Not quite the same situation but I think this might give you something else to consider.
My partner and I have been together over 25 years. We have 1 child. Until we got a mortgage we'd never had a joint account and to this day we don't share finances.
When our incomes were not even we each paid half the mortgage, half the rates, and half the groceries. He paid for his car costs. I paid everything else including our child's costs.
Once he finished his trade we went back to 50/50 shared expenses and responsible for our own personal things (cars, phones etc).
He now earns a bit more than I do but I'm on a good enough salary that we don't need to rework our finances. I just buy less groceries and let him get the rest.

Now. Take your kids out of the equation. When 2 adults choose to live together they are choosing to equitably run a household together.
Assuming you're paid child support, take out what is needed for school costs and put that aside. Put the rest into the 'house pot'. That is what child support is for.

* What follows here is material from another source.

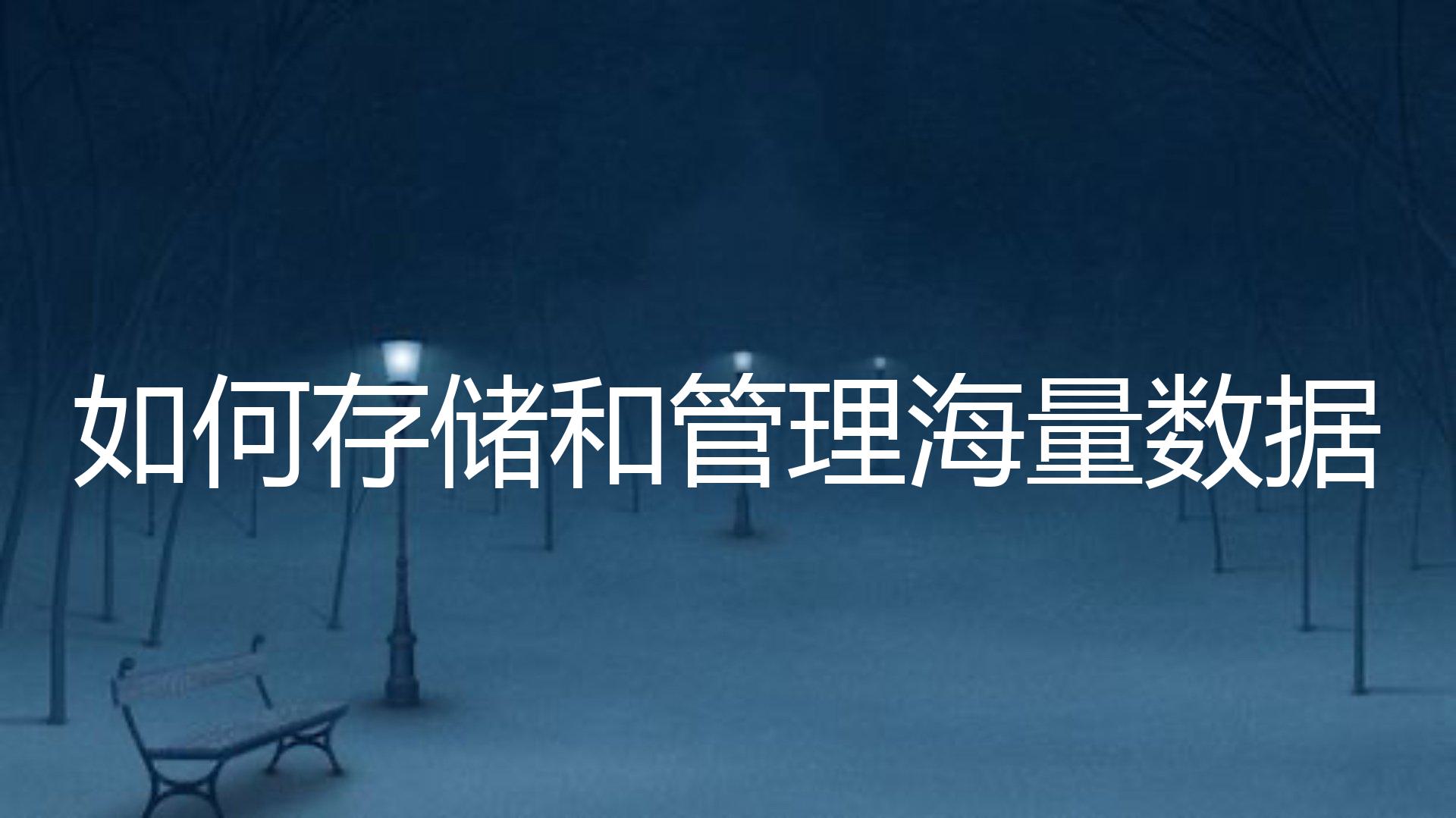 如何存储和管理海量数据？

Then you both add an even % of your wages to make up the total of what it costs to run your house. If that's 40% and he earns $600 p/w he pays 240, and you're on 1200 p/w you'd put in 480. If it's around the other way and he earns more, he pays more. That's what you do when you choose to be family whether they're bio kids or not. If he's not willing to run an equitable household you've got to wonder whether this guy is actually going to have your back if the time comes that you need him to.